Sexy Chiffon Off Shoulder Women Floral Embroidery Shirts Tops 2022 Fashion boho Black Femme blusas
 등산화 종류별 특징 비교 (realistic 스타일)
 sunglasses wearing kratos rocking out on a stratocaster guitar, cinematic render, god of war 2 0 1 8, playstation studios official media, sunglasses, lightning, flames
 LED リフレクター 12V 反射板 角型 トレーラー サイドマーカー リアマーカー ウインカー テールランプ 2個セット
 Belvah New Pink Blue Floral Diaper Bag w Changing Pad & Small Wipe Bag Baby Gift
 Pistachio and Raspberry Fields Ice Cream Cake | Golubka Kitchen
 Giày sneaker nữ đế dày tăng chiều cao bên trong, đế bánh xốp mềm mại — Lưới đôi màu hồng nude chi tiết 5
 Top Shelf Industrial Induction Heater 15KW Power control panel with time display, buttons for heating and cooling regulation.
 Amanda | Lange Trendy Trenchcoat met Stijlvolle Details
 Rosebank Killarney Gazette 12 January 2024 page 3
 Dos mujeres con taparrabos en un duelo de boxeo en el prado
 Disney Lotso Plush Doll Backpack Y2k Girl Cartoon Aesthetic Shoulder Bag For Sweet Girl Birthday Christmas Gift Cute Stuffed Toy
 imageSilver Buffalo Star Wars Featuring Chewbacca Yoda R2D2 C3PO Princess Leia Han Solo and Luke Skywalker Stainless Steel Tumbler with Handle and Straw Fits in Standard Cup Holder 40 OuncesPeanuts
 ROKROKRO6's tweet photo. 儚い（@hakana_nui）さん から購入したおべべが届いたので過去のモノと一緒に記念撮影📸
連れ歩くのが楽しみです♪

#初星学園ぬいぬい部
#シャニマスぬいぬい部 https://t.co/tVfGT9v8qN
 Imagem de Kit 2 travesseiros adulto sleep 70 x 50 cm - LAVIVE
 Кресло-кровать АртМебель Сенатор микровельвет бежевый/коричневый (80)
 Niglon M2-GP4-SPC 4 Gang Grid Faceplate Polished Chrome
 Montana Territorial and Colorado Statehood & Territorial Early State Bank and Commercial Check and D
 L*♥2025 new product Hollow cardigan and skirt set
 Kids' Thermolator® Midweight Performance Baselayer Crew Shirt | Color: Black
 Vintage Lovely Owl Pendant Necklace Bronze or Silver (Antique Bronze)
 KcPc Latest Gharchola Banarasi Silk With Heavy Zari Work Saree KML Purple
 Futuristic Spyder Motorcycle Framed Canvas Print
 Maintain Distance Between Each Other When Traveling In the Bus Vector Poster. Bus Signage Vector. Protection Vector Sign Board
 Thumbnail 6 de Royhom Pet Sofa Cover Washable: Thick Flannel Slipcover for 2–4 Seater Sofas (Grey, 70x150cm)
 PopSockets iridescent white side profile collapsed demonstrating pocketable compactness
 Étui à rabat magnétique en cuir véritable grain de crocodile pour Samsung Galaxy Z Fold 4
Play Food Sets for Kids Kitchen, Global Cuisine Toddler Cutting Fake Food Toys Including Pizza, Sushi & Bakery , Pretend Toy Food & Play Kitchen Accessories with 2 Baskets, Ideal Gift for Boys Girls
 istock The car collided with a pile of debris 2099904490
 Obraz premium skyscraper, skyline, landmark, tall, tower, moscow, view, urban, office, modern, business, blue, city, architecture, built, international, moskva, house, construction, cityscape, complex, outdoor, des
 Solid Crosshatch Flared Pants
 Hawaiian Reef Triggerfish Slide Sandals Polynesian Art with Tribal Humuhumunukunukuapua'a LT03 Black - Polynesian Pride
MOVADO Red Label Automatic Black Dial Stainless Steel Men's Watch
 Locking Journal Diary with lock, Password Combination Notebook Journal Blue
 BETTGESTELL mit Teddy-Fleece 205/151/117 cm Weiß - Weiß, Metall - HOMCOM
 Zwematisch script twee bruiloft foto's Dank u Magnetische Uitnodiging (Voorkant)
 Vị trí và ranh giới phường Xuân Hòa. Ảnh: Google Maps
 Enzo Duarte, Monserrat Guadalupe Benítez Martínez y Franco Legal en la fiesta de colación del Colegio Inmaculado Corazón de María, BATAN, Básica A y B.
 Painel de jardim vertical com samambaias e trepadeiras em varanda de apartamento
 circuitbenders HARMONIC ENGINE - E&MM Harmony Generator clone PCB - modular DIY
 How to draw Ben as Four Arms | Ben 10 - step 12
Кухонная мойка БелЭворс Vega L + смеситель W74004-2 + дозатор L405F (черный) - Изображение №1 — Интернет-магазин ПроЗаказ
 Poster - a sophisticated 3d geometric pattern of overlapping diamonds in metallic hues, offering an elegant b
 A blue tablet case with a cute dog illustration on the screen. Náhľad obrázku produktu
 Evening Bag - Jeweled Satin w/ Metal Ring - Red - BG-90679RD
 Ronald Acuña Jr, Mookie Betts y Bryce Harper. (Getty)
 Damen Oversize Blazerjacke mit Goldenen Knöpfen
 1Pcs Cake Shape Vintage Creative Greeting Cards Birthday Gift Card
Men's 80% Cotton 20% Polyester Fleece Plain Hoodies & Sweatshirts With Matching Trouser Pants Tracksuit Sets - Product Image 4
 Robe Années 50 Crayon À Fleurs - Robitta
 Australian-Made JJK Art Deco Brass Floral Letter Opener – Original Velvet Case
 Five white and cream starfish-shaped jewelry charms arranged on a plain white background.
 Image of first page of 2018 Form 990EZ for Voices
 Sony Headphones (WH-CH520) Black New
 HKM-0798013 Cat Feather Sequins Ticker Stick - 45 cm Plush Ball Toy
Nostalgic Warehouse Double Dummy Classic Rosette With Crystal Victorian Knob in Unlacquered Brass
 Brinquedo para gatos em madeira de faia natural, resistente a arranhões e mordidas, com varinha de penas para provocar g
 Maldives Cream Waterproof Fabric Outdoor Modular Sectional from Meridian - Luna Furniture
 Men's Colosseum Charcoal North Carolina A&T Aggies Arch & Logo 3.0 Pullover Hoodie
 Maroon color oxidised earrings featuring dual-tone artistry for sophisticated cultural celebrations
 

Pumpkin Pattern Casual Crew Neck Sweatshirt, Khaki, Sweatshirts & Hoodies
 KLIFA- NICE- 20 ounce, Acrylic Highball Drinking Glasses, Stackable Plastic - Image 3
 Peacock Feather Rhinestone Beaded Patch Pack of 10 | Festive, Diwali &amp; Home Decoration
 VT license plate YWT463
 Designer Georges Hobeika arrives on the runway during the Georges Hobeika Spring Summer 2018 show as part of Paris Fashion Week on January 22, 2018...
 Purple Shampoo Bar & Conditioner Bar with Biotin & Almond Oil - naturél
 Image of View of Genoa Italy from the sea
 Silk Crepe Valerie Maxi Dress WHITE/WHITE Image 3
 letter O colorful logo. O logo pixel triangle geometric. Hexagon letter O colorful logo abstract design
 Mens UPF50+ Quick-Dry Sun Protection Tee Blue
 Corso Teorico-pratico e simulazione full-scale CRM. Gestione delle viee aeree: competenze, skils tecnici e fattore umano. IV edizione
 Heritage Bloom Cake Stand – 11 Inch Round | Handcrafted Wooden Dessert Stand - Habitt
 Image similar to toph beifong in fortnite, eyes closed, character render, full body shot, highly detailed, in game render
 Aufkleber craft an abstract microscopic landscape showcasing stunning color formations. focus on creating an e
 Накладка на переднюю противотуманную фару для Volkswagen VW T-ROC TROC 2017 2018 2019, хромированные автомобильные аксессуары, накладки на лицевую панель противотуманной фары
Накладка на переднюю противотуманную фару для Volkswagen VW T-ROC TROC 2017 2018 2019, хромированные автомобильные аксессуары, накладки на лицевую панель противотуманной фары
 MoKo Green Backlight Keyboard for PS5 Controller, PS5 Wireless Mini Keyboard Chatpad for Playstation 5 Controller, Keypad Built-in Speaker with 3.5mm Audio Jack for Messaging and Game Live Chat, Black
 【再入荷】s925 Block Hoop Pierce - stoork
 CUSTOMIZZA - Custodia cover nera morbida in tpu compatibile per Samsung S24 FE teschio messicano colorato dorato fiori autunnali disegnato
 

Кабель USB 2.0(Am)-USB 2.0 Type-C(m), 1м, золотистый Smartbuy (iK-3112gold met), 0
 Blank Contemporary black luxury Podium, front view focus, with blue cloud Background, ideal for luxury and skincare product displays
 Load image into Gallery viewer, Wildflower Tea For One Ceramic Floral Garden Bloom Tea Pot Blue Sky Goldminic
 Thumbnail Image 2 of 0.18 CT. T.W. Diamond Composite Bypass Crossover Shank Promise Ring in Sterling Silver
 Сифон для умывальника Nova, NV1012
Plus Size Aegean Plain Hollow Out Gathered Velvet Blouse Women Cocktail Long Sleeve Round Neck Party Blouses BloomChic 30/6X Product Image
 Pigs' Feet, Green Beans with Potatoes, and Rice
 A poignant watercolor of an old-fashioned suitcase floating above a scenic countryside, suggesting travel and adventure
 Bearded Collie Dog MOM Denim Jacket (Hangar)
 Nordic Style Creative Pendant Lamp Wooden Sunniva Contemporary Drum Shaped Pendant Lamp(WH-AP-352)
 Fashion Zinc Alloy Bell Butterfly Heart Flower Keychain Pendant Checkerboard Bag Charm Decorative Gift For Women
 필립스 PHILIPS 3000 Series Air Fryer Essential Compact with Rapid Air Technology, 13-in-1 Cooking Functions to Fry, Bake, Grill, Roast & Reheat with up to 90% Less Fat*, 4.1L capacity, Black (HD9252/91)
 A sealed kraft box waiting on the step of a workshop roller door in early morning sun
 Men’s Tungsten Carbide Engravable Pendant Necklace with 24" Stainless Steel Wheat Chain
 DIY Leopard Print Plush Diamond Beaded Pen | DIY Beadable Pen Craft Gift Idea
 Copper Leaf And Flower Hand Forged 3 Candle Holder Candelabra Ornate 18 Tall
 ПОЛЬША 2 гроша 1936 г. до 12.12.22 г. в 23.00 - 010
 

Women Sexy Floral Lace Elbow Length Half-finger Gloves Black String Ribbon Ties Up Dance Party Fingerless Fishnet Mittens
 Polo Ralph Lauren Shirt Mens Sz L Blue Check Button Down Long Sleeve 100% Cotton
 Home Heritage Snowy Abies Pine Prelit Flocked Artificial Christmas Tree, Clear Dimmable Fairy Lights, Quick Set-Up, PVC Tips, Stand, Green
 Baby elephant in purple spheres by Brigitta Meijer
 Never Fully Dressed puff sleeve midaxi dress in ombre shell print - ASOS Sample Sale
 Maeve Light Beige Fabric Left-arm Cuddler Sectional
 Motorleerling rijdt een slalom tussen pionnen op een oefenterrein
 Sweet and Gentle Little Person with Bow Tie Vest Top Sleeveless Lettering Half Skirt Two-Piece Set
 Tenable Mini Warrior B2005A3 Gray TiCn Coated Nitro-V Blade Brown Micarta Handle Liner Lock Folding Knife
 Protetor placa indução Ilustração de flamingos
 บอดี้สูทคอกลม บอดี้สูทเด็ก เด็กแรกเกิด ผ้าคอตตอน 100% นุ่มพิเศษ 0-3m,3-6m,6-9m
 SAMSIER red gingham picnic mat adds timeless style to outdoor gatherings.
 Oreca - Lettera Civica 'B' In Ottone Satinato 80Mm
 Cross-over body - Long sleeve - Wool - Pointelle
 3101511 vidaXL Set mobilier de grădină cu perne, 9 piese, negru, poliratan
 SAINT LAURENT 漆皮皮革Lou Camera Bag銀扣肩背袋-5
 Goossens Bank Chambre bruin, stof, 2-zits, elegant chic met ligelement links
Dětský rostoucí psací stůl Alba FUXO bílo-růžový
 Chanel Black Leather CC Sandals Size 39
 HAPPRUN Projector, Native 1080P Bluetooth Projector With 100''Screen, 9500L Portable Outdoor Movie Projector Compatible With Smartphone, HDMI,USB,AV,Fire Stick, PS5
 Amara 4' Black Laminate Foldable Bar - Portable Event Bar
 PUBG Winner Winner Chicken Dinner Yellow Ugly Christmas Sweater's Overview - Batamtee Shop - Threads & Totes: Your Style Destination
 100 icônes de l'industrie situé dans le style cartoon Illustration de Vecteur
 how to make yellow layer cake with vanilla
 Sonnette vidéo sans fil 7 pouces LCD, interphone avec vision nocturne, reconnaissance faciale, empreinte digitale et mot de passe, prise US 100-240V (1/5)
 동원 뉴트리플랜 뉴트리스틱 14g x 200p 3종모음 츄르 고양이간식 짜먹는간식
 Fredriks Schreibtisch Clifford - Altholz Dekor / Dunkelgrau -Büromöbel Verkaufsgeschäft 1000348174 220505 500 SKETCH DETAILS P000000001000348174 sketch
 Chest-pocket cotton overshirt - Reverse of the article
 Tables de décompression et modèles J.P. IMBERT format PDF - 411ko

HOW TO COMPLETE THIS TASK ::
Every line of the data above that includes "render" should be listed.

WORKED SOLUTION ::
 sunglasses wearing kratos rocking out on a stratocaster guitar, cinematic render, god of war 2 0 1 8, playstation studios official media, sunglasses, lightning, flames
 Image similar to toph beifong in fortnite, eyes closed, character render, full body shot, highly detailed, in game render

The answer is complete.